Share this post:
A common question that I get from my students is that: “what is the difference between a Data Analyst and a Data Scientist?”
I would argue that the task at hand differs. It differs because being a data scientist does not make one master of the universe. When we say data science is team-work, it means that the team includes a data journalist who is involved with data collection and data wrangling activities. The data engineer likely works with Python and strives to bring forth meaningful visualizations of the data. The data analyst may perform both of those tasks and is well versed with SQL calls, understands the DBMS that is humming either on premise or in the cloud (and ever so prevalent, hybrid systems). Think Hadoop, big data and data mining skills.
The data scientist is the curious. They are the ones with a pain-point to resolve. The data scientist has a hypothesis to refute or validate (both are helpful). The data scientist ventures out of the office and feels the cold, the rain, takes measurements from the sensors out there.
Unlike the data analyst, the data scientist (DS) is also keenly involved with unstructured data. This means the DS is extracting insights and sentiment from tweeter feeds, from Facebook images perhaps to depict sudden onset of depression as a result of social distancing. Is that depression more prevalent with one cohort than another? How can I help? These insights are not in IBM DB2, MS SQL Server nor in Oracle data base….these data points are in our mobile devices.
The tools that the DS may use go beyond the brute statistics (Regression, Random Forest Trees, Bayesian Inferences) of SPSS or SAS; they employ deep learning techniques (CNN, RNN, LSTM, capsule networks, GANs) that use feature vectors for input. After all, all data points for a machine to use need to be normalized between 1 and 0. The system does not just see a cat, rather it is 1-hot encoding…it is a bunch of ones and zeros. Same is true if your input was a CSV file.
The reigning attribute that I would like to see in an aspiring data scientist is a sense of curiosity. One who goes around and asks ‘why’ all the time. Another key feature is an understanding of inferential statistics (think regression) and Calculus II (think partial derivatives and integrals). They can clearly see in their minds how an integral function is the opposite of a derivate function.
Python you say? Well it helps, but not on the top of my list. Nowadays, we snag code from existing Jupyter Notebooks and reuse those, perhaps just changing the value of x and y axis in the code. One thing that is a bit more prevalent with DS is use of opensource tools for running the math calculations (NumPy, Sci-Kit learn) and data visualizations (my favorite visualization, is the opensource Pixiedust…born and raised right here at IBM by an ex-IBM Distinguished Engineer, David Taieb.
The data scientist has a keen understanding of the confusion matrix and can interpret the distribution in a Receiving Operating Curve (ROC) where we peg the True Positive (x-axis) versus the False Positive (y-axis).

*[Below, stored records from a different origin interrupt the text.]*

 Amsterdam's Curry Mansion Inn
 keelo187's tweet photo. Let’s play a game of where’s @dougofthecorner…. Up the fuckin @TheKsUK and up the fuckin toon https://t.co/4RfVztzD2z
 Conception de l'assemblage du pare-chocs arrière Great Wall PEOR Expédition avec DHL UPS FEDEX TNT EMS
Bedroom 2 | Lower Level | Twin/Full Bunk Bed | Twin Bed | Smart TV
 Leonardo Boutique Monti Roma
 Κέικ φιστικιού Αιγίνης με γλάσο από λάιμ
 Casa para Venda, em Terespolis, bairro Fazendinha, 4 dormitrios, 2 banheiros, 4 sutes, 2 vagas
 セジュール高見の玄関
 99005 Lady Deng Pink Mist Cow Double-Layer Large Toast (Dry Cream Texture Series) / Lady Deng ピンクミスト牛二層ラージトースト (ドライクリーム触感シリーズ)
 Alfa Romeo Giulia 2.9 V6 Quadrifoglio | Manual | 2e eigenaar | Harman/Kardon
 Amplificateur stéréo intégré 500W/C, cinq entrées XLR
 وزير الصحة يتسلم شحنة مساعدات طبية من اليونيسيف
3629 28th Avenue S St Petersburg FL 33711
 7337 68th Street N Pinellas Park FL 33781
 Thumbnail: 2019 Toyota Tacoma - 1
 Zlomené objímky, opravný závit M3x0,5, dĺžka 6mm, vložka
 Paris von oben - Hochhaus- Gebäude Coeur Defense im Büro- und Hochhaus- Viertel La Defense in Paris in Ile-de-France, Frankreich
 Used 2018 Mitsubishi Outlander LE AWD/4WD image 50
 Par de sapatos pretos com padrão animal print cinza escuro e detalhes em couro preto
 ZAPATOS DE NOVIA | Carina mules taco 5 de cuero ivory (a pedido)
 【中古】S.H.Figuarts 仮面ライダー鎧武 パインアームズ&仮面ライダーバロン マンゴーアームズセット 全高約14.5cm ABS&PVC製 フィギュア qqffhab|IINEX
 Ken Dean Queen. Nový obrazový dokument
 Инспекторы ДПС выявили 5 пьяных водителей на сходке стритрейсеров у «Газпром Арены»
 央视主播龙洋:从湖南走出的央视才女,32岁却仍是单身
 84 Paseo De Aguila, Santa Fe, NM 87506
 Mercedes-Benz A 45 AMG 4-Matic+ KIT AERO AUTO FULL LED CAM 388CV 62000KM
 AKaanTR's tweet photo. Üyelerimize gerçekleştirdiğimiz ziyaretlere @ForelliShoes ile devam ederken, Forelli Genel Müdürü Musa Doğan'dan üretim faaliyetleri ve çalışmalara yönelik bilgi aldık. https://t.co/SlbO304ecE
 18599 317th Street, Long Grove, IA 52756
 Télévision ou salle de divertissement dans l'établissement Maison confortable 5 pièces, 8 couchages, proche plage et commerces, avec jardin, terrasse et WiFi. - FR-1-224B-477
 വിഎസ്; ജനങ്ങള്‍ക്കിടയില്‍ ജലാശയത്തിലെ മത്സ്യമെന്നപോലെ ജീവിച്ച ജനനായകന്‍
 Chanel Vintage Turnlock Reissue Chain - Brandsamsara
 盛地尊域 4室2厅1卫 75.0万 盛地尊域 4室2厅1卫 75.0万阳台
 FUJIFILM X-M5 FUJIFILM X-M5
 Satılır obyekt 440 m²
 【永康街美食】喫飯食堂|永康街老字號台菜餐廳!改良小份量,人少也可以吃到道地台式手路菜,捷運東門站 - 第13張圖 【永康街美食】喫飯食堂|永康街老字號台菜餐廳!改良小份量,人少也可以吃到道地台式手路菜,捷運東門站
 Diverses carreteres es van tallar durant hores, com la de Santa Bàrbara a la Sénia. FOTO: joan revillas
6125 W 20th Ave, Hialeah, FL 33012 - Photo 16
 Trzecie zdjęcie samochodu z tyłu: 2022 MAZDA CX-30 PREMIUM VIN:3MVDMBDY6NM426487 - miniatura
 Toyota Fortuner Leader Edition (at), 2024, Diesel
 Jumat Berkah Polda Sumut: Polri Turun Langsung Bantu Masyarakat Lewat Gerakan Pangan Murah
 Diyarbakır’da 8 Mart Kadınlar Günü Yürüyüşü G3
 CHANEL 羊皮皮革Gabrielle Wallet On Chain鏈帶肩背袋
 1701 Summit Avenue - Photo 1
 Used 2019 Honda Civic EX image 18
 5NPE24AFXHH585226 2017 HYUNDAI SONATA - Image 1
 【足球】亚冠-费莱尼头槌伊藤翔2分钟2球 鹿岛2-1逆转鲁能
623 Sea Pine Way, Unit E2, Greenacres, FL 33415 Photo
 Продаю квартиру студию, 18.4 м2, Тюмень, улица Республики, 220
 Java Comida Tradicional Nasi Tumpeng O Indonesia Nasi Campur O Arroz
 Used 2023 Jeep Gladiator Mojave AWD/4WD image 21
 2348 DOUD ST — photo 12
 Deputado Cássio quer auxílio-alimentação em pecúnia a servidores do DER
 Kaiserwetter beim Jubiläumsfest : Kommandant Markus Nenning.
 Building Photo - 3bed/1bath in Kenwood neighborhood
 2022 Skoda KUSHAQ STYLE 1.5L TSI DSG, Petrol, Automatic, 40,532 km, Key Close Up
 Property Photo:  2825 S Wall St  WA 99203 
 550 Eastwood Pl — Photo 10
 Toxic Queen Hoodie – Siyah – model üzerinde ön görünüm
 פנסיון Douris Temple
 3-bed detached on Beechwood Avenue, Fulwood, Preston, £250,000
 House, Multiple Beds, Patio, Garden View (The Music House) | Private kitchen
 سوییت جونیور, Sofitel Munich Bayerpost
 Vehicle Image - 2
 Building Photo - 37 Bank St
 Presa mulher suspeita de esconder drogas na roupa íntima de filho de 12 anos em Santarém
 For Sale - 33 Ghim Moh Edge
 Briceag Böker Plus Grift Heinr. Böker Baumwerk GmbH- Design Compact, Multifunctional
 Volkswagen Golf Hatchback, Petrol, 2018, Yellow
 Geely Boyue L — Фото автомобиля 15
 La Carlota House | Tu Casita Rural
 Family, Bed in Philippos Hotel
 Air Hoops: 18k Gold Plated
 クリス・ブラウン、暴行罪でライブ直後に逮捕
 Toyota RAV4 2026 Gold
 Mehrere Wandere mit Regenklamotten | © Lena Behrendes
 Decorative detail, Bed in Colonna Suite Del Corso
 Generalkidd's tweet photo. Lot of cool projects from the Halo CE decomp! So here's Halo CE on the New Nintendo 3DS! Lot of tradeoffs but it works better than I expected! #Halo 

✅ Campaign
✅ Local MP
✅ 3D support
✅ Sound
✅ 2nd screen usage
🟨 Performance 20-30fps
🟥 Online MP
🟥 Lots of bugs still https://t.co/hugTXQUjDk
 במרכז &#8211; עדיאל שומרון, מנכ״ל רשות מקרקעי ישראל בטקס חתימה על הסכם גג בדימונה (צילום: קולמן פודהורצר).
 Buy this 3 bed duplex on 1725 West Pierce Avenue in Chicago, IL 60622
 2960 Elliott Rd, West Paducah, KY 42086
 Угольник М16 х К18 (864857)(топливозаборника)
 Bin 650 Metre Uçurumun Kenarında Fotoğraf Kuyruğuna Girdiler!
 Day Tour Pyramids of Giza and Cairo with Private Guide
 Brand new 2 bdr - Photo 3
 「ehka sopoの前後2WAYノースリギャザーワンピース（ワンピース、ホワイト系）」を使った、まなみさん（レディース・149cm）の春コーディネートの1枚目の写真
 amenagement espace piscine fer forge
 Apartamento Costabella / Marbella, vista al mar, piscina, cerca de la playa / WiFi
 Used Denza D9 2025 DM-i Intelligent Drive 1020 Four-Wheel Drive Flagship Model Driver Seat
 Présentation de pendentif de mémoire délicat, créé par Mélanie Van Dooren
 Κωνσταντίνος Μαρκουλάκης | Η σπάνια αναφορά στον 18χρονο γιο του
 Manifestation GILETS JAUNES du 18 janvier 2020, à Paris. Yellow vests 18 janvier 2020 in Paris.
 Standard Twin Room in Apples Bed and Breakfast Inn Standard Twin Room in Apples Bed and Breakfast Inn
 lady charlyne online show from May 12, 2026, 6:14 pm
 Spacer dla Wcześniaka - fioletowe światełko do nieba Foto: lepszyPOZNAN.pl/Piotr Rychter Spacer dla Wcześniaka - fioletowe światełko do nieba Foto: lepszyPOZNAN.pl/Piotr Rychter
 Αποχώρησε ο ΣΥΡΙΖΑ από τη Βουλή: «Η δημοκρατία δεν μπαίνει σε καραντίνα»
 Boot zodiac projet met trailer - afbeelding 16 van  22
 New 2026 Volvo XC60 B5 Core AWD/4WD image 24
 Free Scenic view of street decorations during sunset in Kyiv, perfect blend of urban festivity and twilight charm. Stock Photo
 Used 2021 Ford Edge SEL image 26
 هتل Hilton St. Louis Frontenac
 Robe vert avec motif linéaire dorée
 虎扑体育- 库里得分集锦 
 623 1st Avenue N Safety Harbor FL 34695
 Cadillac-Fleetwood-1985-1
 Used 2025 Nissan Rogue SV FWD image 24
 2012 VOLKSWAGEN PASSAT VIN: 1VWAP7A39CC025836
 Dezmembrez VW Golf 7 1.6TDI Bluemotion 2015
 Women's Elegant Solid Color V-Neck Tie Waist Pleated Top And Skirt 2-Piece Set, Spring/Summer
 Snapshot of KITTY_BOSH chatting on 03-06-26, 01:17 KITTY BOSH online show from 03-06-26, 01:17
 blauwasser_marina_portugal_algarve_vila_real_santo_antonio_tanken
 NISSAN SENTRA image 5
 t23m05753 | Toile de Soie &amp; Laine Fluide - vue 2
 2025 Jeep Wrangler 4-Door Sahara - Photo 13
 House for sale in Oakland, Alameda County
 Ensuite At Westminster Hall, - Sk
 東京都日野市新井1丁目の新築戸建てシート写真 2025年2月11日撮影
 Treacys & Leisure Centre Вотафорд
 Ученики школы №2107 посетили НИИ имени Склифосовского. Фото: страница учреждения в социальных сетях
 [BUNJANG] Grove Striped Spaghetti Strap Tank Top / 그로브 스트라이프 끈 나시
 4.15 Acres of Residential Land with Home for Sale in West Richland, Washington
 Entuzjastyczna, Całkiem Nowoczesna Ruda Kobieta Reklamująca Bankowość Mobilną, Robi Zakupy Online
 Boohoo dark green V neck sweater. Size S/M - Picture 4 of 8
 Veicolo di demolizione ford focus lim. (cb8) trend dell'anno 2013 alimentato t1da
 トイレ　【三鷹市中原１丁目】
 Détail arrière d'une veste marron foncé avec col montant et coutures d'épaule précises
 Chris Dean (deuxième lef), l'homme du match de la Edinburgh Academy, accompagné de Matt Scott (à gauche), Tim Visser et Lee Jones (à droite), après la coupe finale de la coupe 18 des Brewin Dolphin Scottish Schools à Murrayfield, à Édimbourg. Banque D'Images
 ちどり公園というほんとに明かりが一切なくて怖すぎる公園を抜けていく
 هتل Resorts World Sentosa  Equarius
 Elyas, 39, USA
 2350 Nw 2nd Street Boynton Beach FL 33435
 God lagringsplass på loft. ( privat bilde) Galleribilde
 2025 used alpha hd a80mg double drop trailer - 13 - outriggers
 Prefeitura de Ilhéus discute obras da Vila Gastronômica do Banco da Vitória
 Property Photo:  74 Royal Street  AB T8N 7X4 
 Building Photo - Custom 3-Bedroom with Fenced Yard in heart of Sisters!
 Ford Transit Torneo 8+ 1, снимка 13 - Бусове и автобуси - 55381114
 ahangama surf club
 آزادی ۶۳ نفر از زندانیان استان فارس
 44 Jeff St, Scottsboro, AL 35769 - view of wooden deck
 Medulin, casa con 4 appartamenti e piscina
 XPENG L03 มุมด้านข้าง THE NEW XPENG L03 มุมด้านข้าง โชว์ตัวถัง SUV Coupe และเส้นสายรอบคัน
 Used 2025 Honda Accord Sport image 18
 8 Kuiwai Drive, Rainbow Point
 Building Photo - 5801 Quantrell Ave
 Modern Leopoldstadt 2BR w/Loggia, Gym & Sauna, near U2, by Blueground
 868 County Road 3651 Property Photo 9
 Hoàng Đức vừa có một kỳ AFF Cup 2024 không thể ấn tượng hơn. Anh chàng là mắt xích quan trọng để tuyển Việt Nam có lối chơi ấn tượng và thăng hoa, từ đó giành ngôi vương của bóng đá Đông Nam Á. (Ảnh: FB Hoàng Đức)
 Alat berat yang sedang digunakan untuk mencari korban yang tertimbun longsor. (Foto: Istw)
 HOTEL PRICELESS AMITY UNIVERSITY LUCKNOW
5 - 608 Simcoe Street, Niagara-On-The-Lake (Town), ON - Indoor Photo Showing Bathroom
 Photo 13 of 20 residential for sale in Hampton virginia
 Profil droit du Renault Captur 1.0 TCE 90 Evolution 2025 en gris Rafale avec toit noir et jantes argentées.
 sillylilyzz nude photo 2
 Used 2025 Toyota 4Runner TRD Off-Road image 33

The data scientist is a scientist because they started with a hypothesis and they employed the scientific method.
The data scientist understands the value of Design Thinking. Realizes that there is such a thing as boiling the ocean water and a keen alignment of for whom exactly are we solving the said problem?
There is a shared task among all these roles that have the word ‘data’ in it: and that is, they all start the week as data janitors. The Harvard Business review that deemed Data Scientist as the sexiest job of the 21 Century forgot to mention that all that allure starts by Thursday, not on Monday. Lots of unglamorous data cleansing needs to be done before machine learning comes int play.
The data scientist understands that the winner of AI race is not the entity or country with epic amounts of data, nor the university or firm with the next big algorithm, it is doing maximum AI with minimum data. For example, I have a hunch it is going to be a good day…how much data did I need first thing in the morning to make that prediction? Good luck to the ML system in making that prediction using a hunch……for now!